The death toll was high for two reasons. First, because a month into the epidemic, with more than 100 people dying daily, city leaders still denied that an outbreak existed. The official silence was supposed to maintain calm and keep trade flowing, with the unintended consequence of worsening the epidemic, particularly among people with limited access to information and no way out of town. In 1853, nearly half the city's population fled. So here's reason two: Then as now, the poor were left behind to die. By August 1853, the city was deserted, the silence interrupted only by long funeral processions. Cemeteries overflowed, and when a flood arrived, coffins floated through the empty streets. Only with autumn's cool weather did the pace of death finally slow.
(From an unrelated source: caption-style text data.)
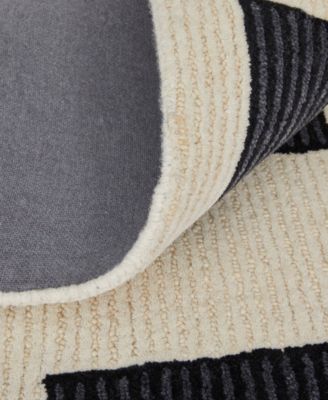 Maguire 8903F 3'6"x5'6" Area Rug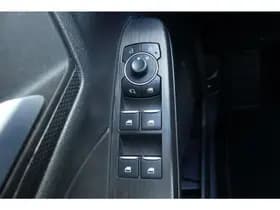 Ford Kuga thumbnail 38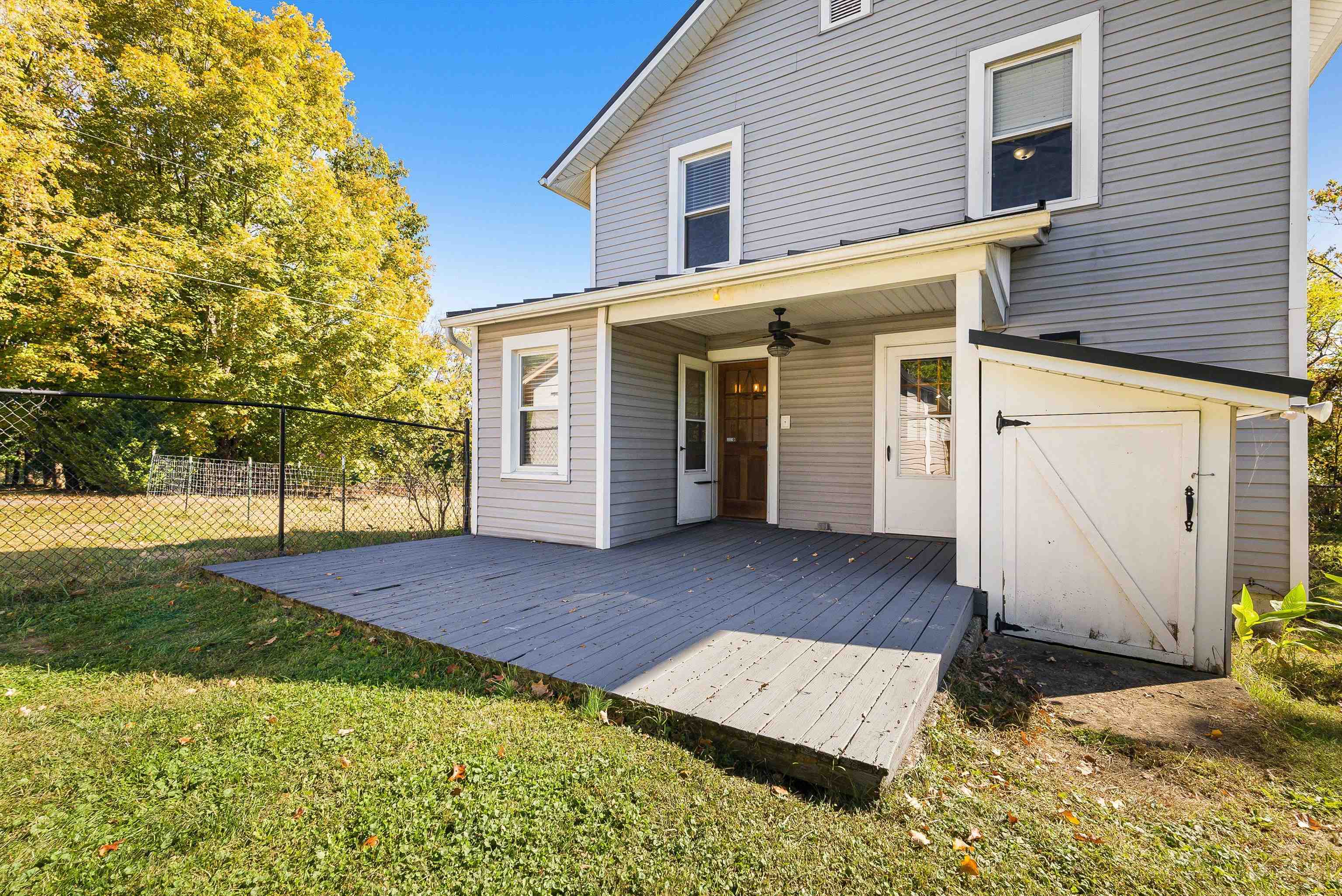 72 LIBERTY ST, WEYERS CAVE, Virginia 24486, 3 Bedrooms Bedrooms, ,1 BathroomBathrooms,Residential,72 LIBERTY ST,670370 MLS # 670370 72 LIBERTY ST, WEYERS CAVE, Virginia 24486, 3 Bedrooms Bedrooms, ,1 BathroomBathrooms,Residential,72 LIBERTY ST,670370 MLS # 670370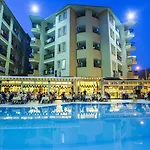 Kleopatra Royal Palm 4*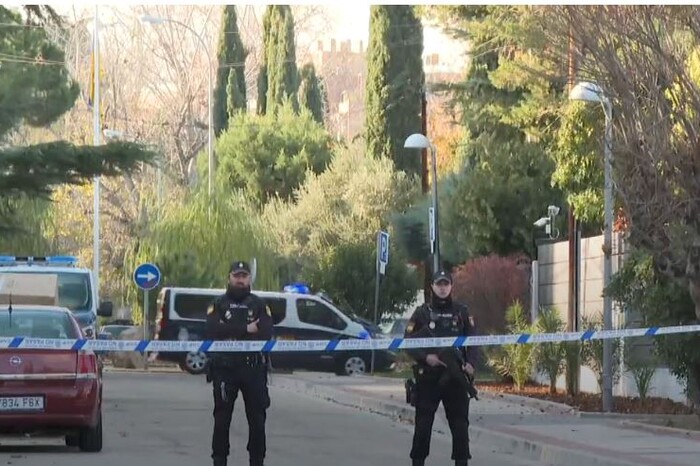 Правоохоронці повідомили, що було в пакунку, який отримало посольство України в Іспанії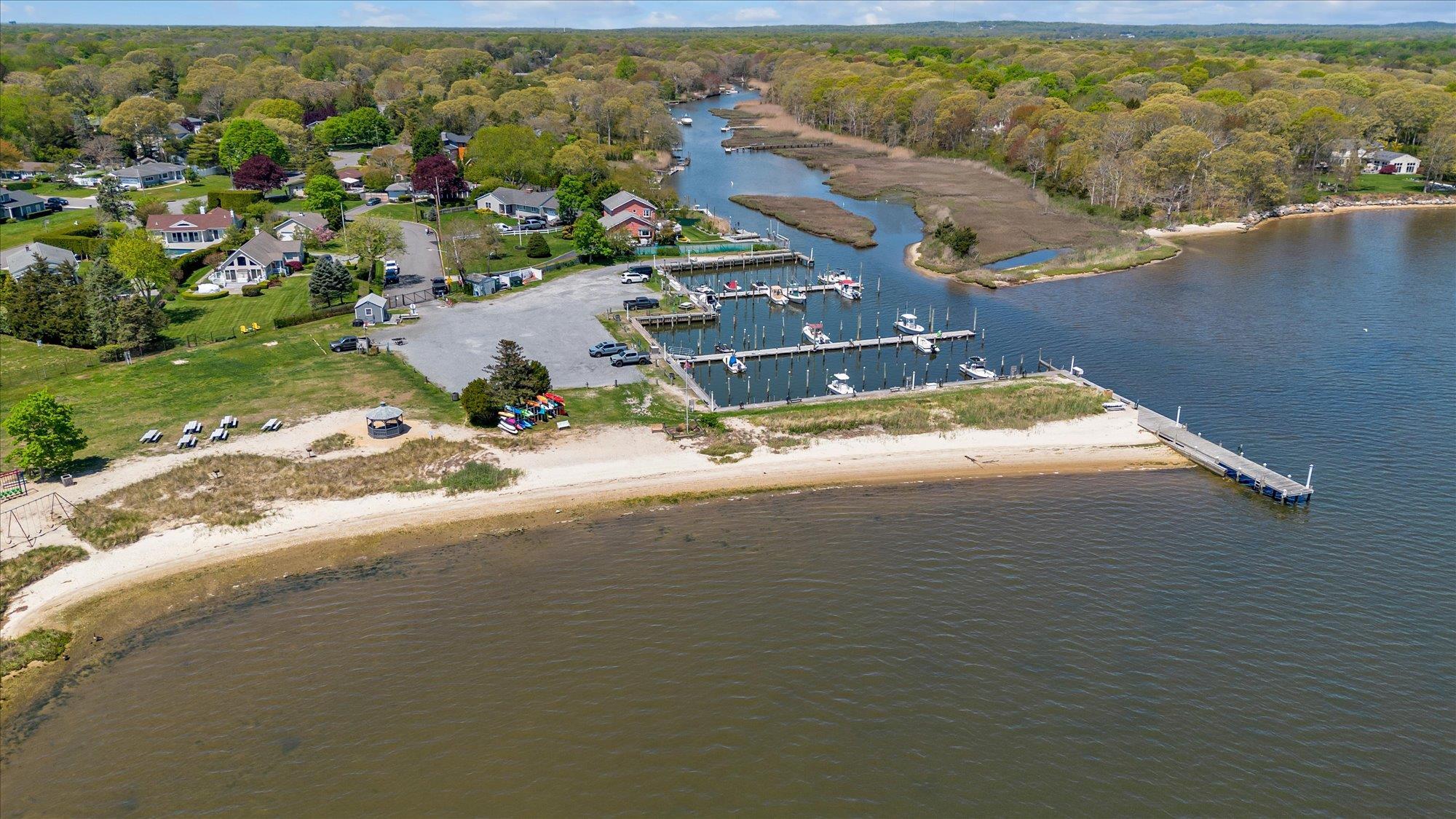 Single Family Pine Edge  Suffolk County, NY 11940, MLS-878039-49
Perhaps the most shocking feature of this epidemic was that as quickly as yellow fever decimated New Orleans, it was forgotten - by design. This feat was possible because of who was killed: the poorest of the city's residents. Just six months later, New Orleans was engaged in one of its busiest commercial seasons ever, and few people worried over the city's future. It was as though the outbreak had never occurred.

Even today, you have to know where to look to find icons of the city's disaster history: gravestones in New Orleans' above-ground cemeteries, the macabre cities of the dead; anonymous stations housing pumps that usually keep the city dry; grass-covered levees that might be mistaken for hills. New Orleans has hidden its catastrophes, realizing that such tragedies are not part of a usable past that can be marketed in its new tourist economy.

Will this happen again? Will Katrina be forgotten? It seems unlikely now, so stricken are we by images from New Orleans. Once we begin counting the bodies from front-row seats it may become even more difficult to imagine New Orleans as anything but a wet graveyard.

Still, it already seems possible that our memories will dim, because the worst victims of Katrina are, again, part of the underclass - in sum, those people who won't be writing the city's history or tourist brochures any time soon. Even if the survivors can't or choose not to forget, those in power, in their zeal to return to business as usual, will struggle to ensure that the rest of us do.

Having said that, let us try to remember some things about Katrina. We shouldn't forget the people who were trapped and died inside the city just as the victims of the epidemic of 1853 have been forgotten.

We should remember, because if we can fight against something so ephemeral as terror, perhaps we can start another war on poverty or racism.

If we do, we will be better prepared next time there is an epidemic or killer storm. The damage might be limited then, the suffering contained. If collective forgetting has allowed New Orleans to rebuild in the past, collective memory will make it and other cities safer and better places to live in the future. And then, perhaps, we can hope that the images now haunting us might fade with time.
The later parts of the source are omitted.